Collected data entries

*****

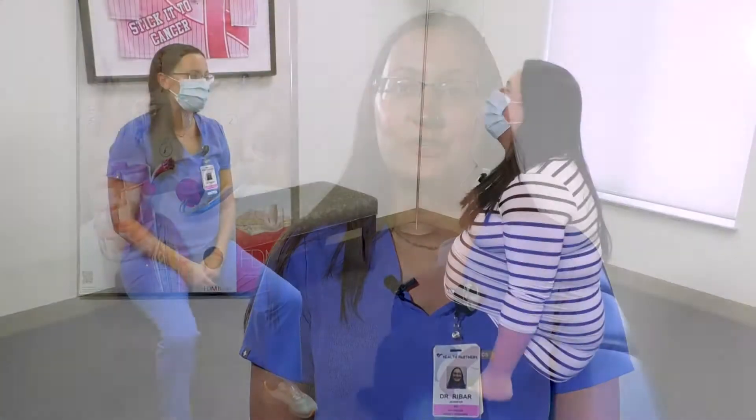The most common areas that we see in pregnant women are going to be low back, hips, and pelvis. It's where the uterus is, the baby's sitting right there, and that's where a lot of the center of gravity changes are happening. So that's going to be the most common areas that we're going to treat.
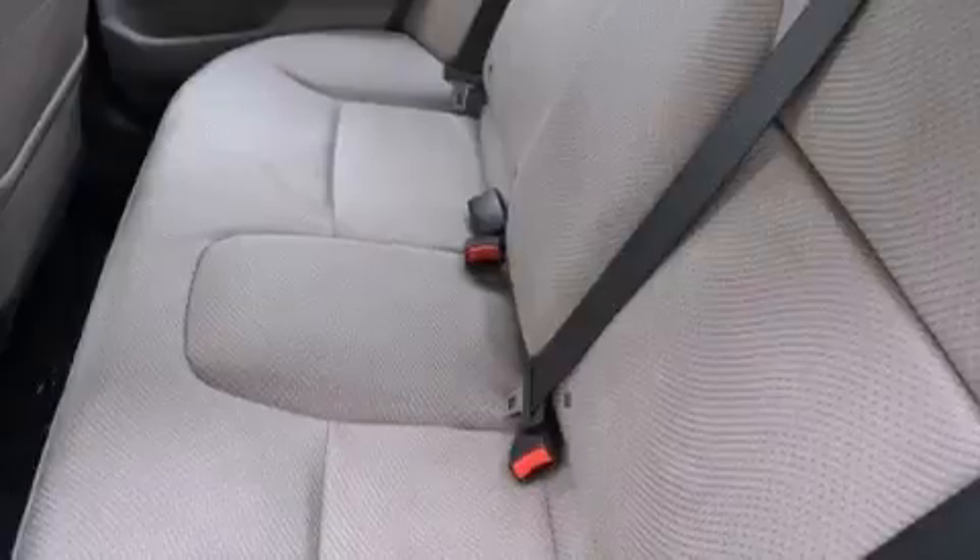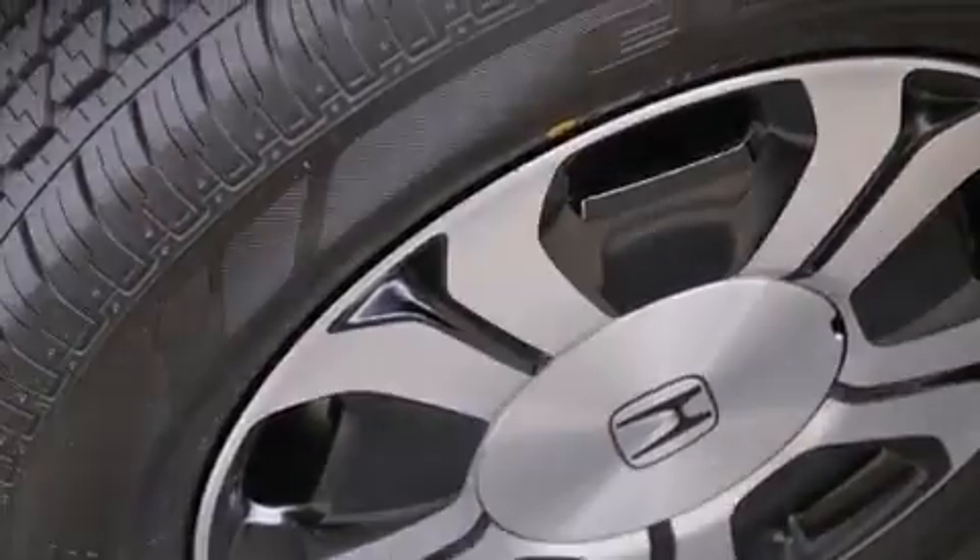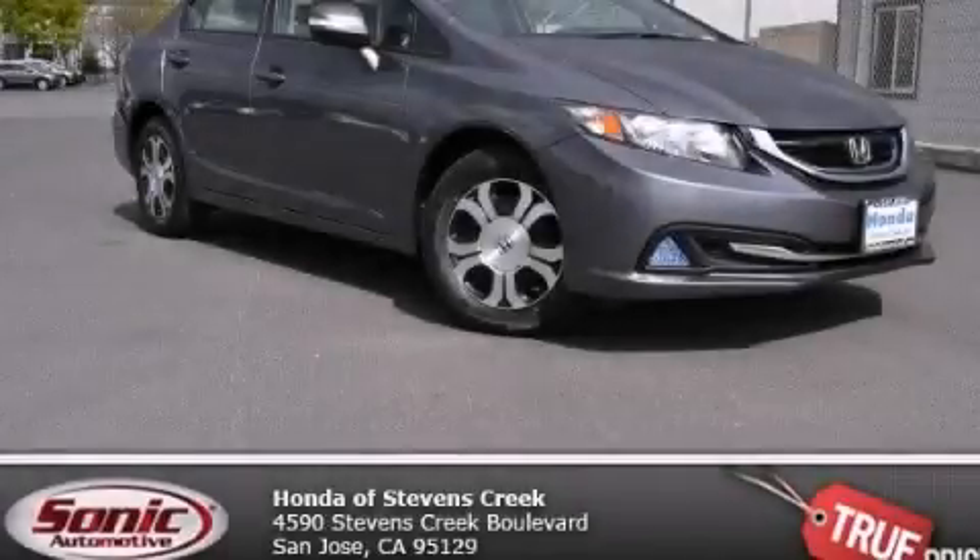With an EPA estimated rating of 44 miles per gallon on the highway, this vehicle does not compromise its fuel efficiency for size, comfort or fun. Call or visit us right now and arrange your test drive today.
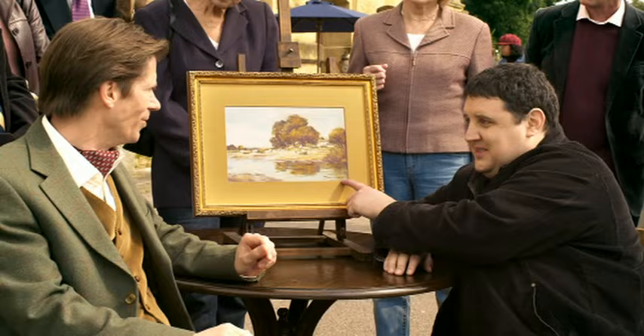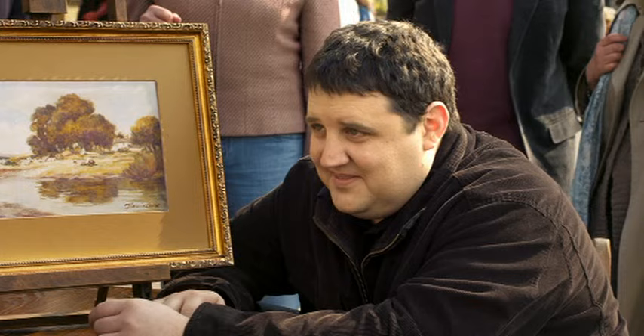Well, it's a charming little watercolour, late 19th century, by Flaminot. Signed by the artist. I would value it at around £200.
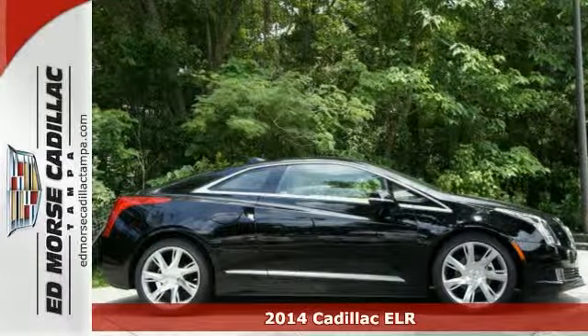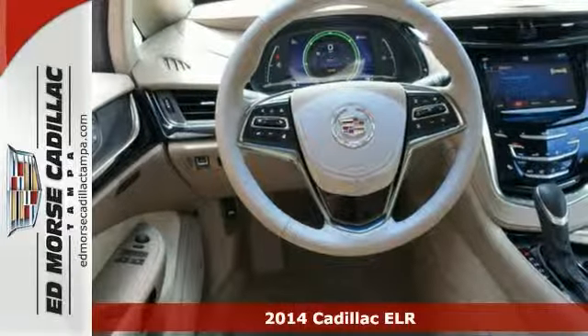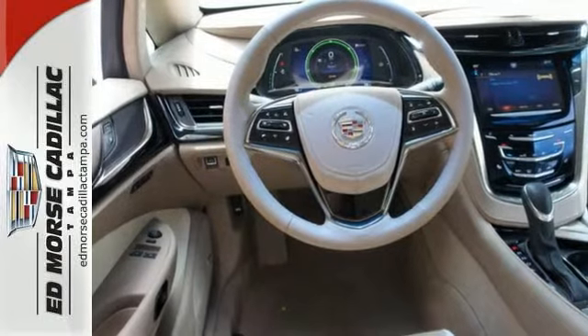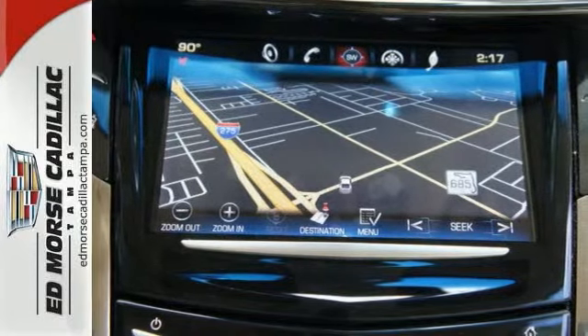It's a 2014 Cadillac ELR. This ELR is an electric presence on the road. Its sleek lines and dramatic shape are accompanied by great features like navigation, heated front seats, climate control, and a garage door transmitter.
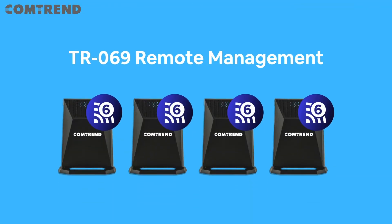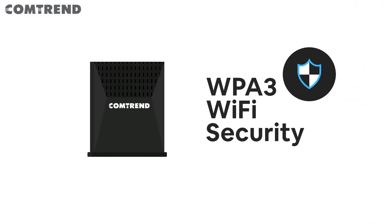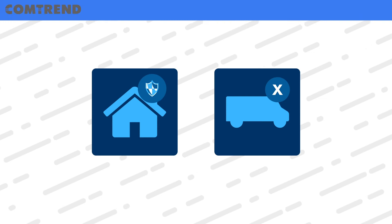Our lineup includes TR-69 support for remote management and increased security with WPA3. What does this mean for you and the subscriber? It better protects subscribers and reduces truck rolls for you.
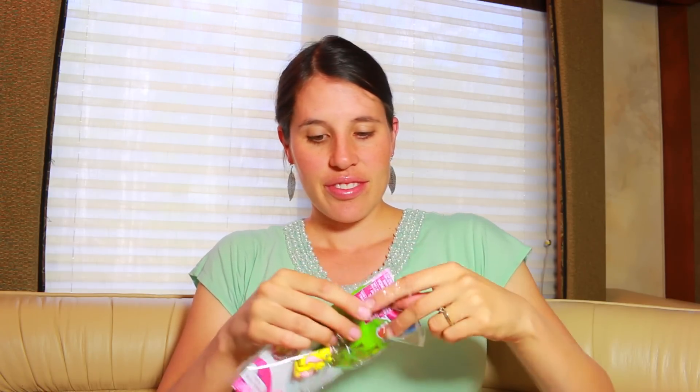No way — a Fluttershy necklace! Oh, I have to try this on. Let's open it up. Oh, that is so adorable, I love it.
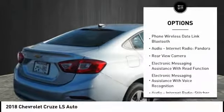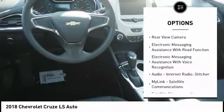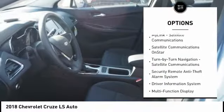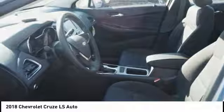Stability control, traction control, power steering, child safety locks, compass, clock, power brakes, trip odometer, power windows, daytime running lights.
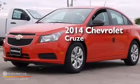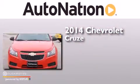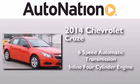This is a brand new 2014 Chevrolet Cruze. This car has a six-speed automatic transmission and an inline four-cylinder engine.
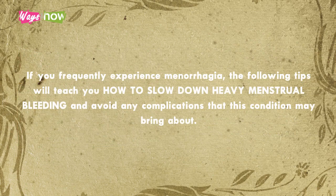If you frequently experience menorrhagia, the following tips will teach you how to slow down heavy menstrual bleeding and avoid any complications that this condition may bring about.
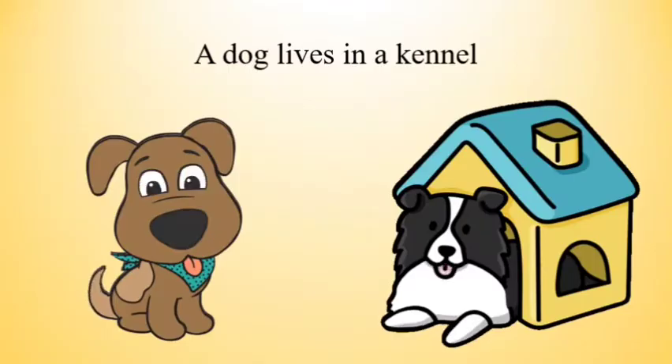The first animal is a dog. A dog lives in a kennel. Its house is called a kennel.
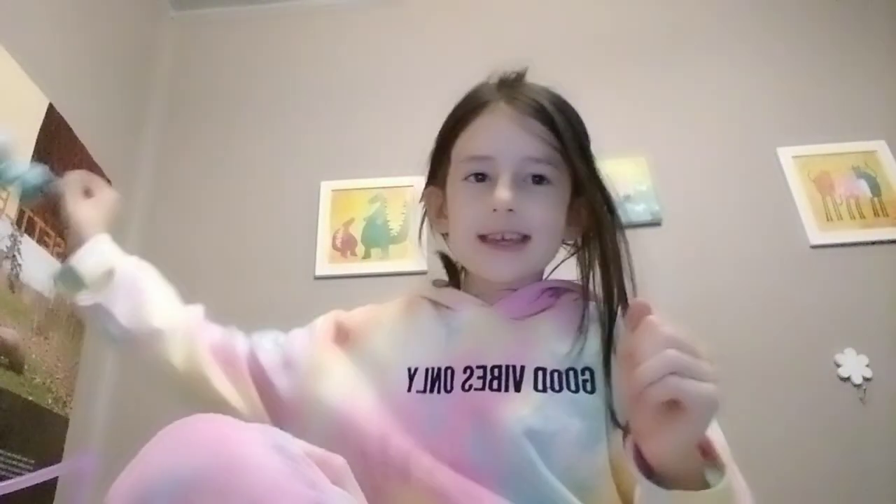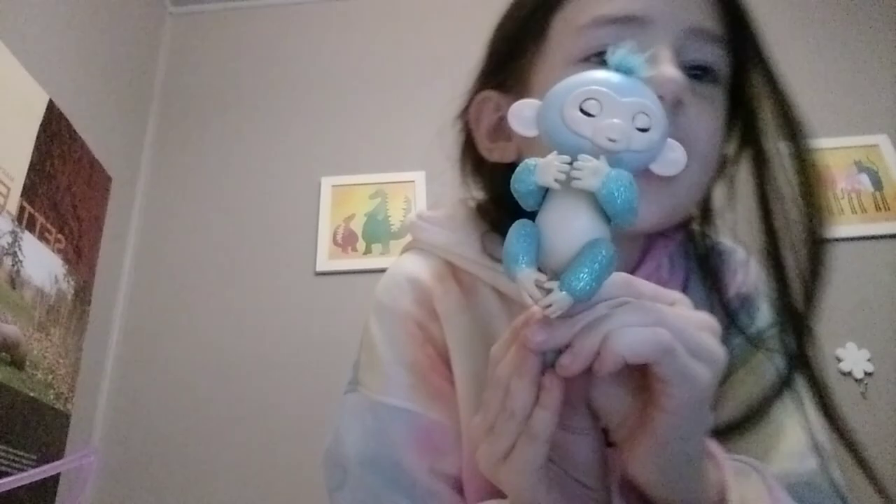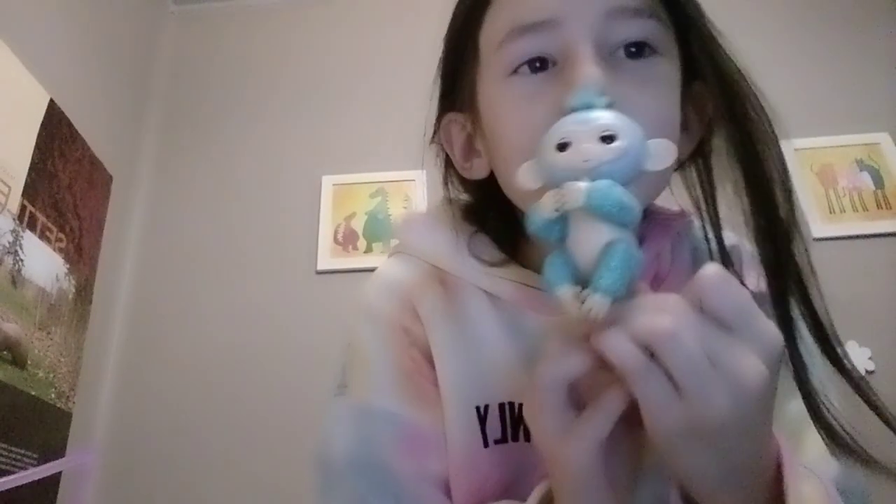This is Naomi. Naomi is a little monkey and she is a teal color and she is a glitter one and she is adorable.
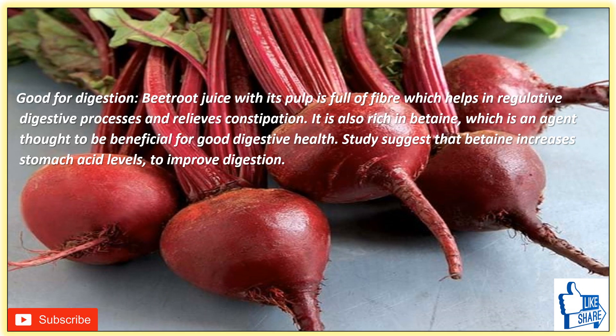Beetroot juice is good for digestion. Beetroot juice with its pulp is full of fiber, which helps regulate the digestive process and relieves constipation. It is also rich in betaine, an agent thought to be beneficial for good digestive health. A study suggests that betaine increases stomach acid levels to improve digestion. A glass of beetroot juice is also a great remedy for an upset stomach.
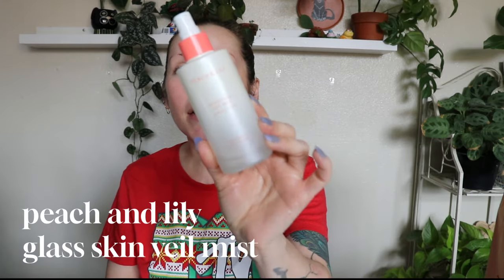I'm going to spray some of the Peach & Lily Glass Skin Veil Mist on my skin. I only have a couple of uses left in here, but this is going to be half off with Ulta's 21-day beauty event happening right now. I used to only use this as a makeup setting spray, but I quickly realized I should be using it as skincare — I love it so much. I'm just going to spray some on and then we can chat.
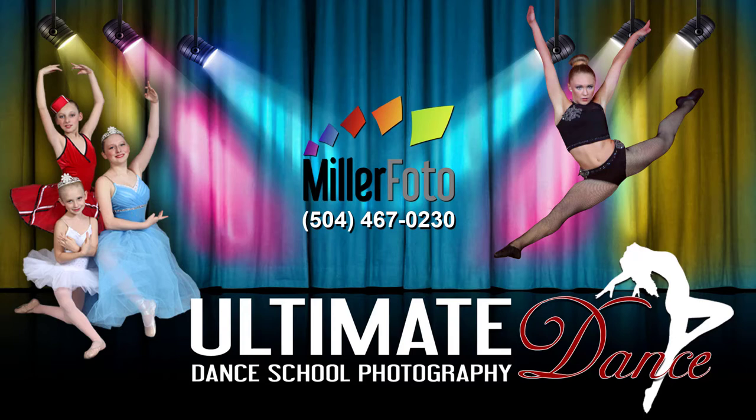Hi, I'm Kirsten Miller with Miller Fido. I would like to introduce you to our Ultimate Dance School Photography Program.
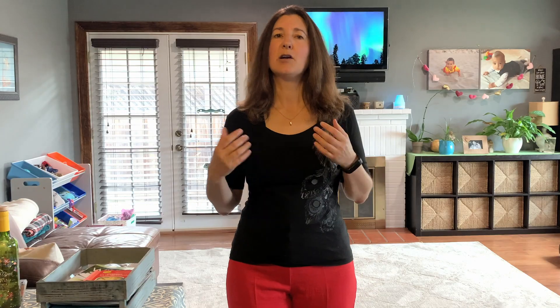Three: atherosclerosis. Garlic helps reduce the plaque buildup in arteries, which in turn reduces the risk of developing heart disease.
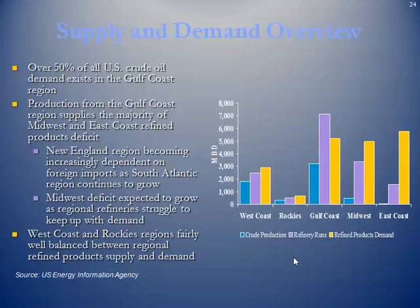In overview, over 50% of all US crude oil demand exists in the Gulf Coast — meaning refinery demand. Production from the Gulf Coast region supplies the majority of the Midwest and East Coast refined product deficit. The New England region is becoming increasingly dependent on foreign imports as the South Atlantic region continues to grow. The Midwest deficit is expected to grow as regional refineries struggle to keep up with demand, while the West Coast and Rocky Mountain regions are fairly well balanced between regional refined product supply and demand.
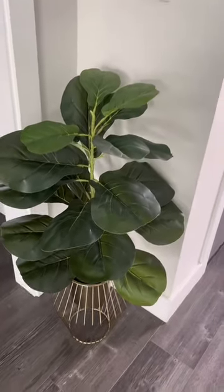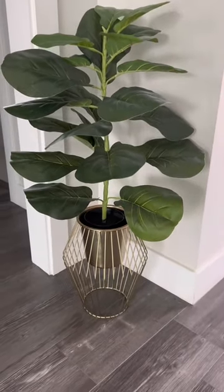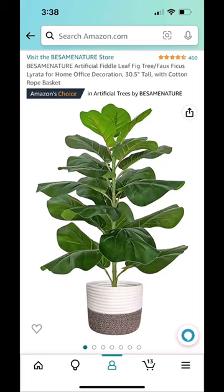It comes in a little woven basket, but as you can see I put mine in a nice gold vase. As always, it is linked in my Amazon storefront.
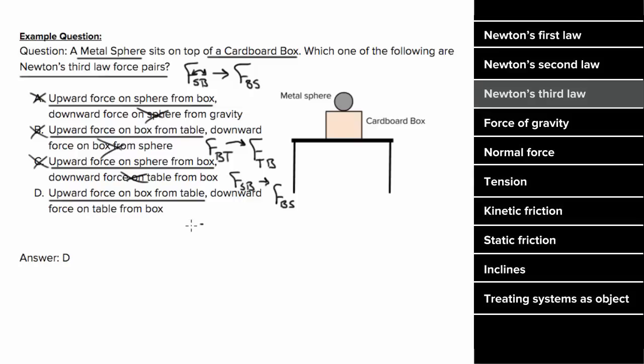Option D refers to an upward force on the box from the table — reversing the labels gives a partner force on the table by the box, which is what this says. So the forces in D constitute a Newton's third law force pair, which means they must always be equal and opposite. Other pairs might be equal and opposite, but these two forces always have to be equal and opposite no matter what.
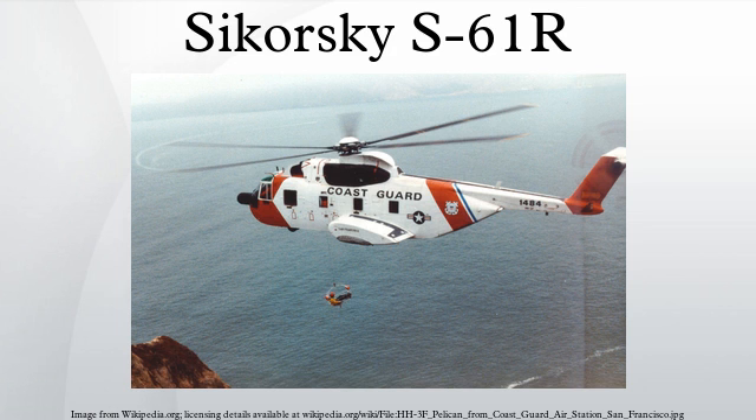Between May 31 and June 1, 1967, two HH-3Es of the United States Air Force made the first nonstop flight across the Atlantic Ocean by helicopter. Departing from New York in the early hours, the two helicopters arrived at the 1967 Paris Air Show at Le Bourget after a flight of 30 hours and 46 minutes. The operation required nine in-flight refuelings. Both helicopters were later lost in combat operations in Southeast Asia in 1969 and 1970.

*****

Activity => Using the data above, copy exactly the lines from the one containing "This is Naomi." to the one containing "Beetroot juice is good", inclusive. Exclude the pictures.

Your response =>
This is Naomi. Naomi is a little monkey and she is a teal color and she is a glitter one and she is adorable.
Beetroot juice is good for digestion. Beetroot juice with its pulp is full of fiber, which helps regulate the digestive process and relieves constipation. It is also rich in betaine, an agent thought to be beneficial for good digestive health. A study suggests that betaine increases stomach acid levels to improve digestion. A glass of beetroot juice is also a great remedy for an upset stomach.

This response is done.